## REQUIRED ACTION
Could you please reproduce the entries exactly, leaving out any pictures?

--*--

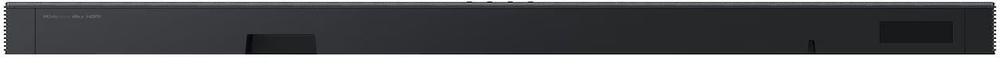 Акустическая система Samsung HW-Q800H/PY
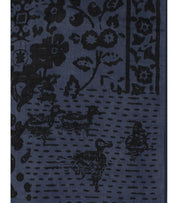 CARHARTT WIP VESTIGE BLUE BANDANA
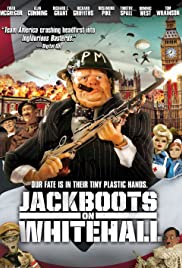 jackboots-on-whitehall-2010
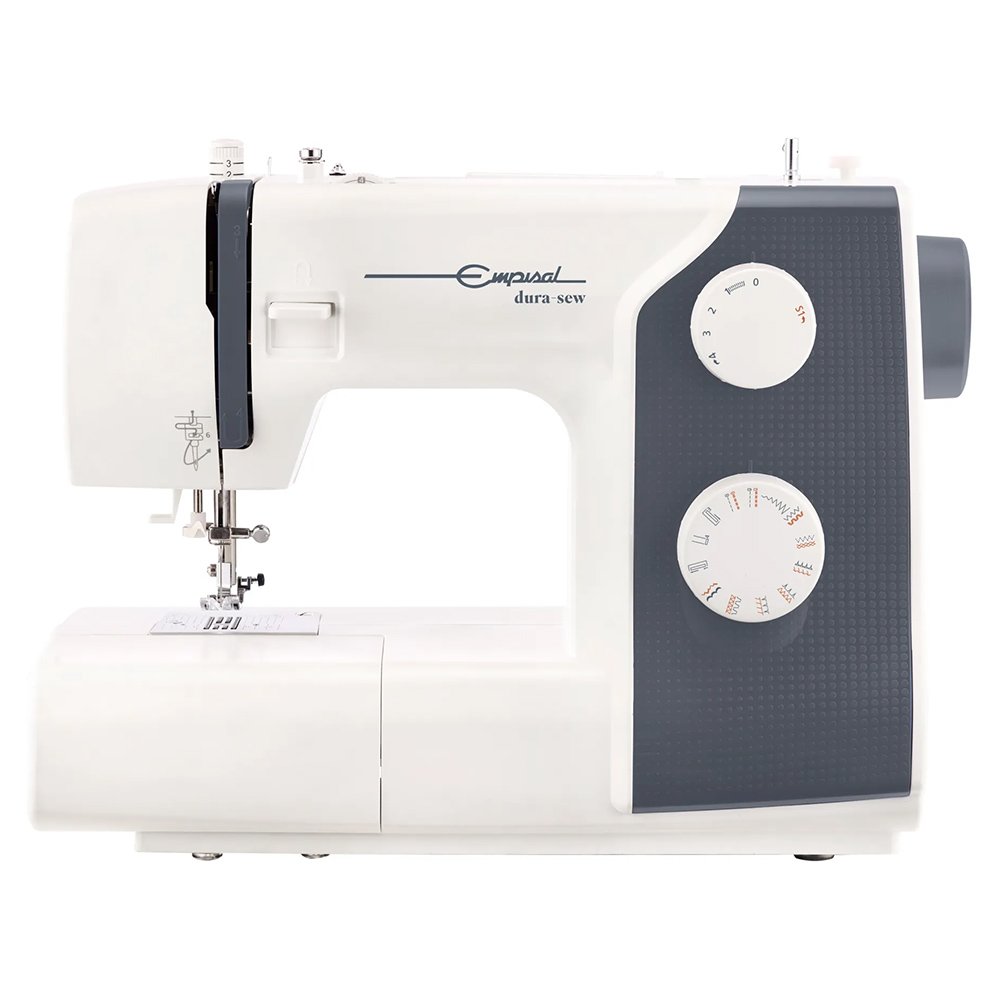 Empisal Durasew Dynamic Sewing Machine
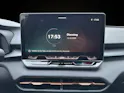 CUPRA Terramar 1.5 eHybrid Prime Edition DSG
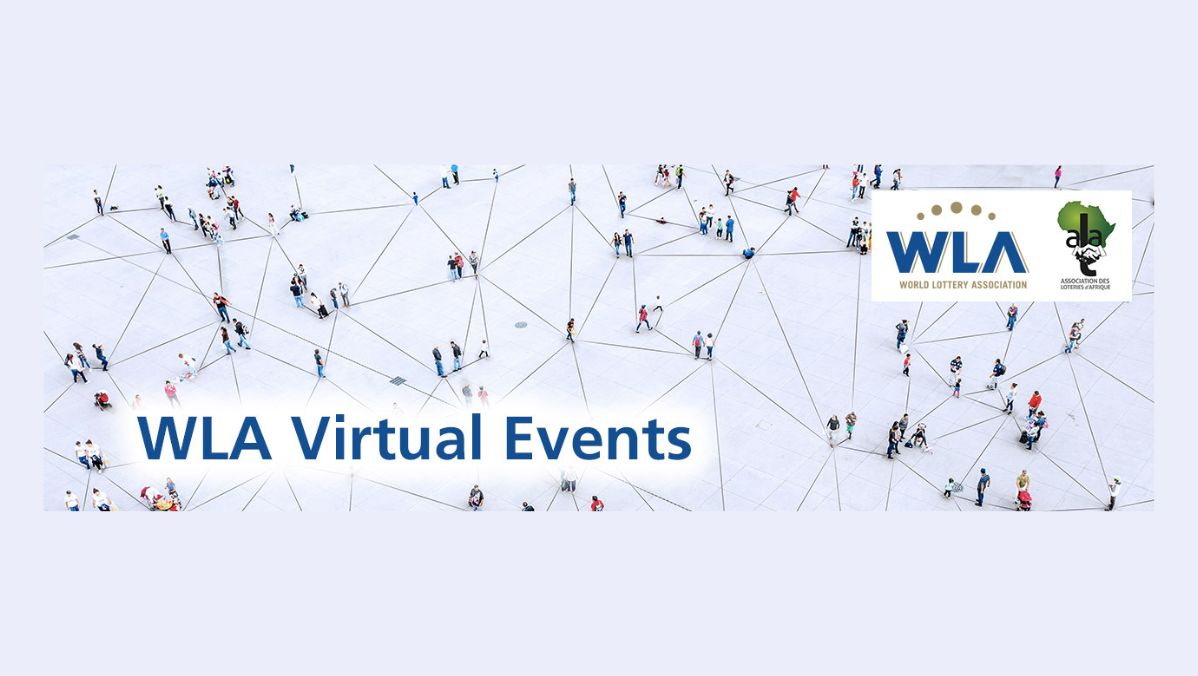 Webinaire de Certification au Jeu Responsable de la WLA - Français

--*--

## TASK RESULT
 Акустическая система Samsung HW-Q800H/PY
 CARHARTT WIP VESTIGE BLUE BANDANA
 jackboots-on-whitehall-2010
 Empisal Durasew Dynamic Sewing Machine
 CUPRA Terramar 1.5 eHybrid Prime Edition DSG
 Webinaire de Certification au Jeu Responsable de la WLA - Français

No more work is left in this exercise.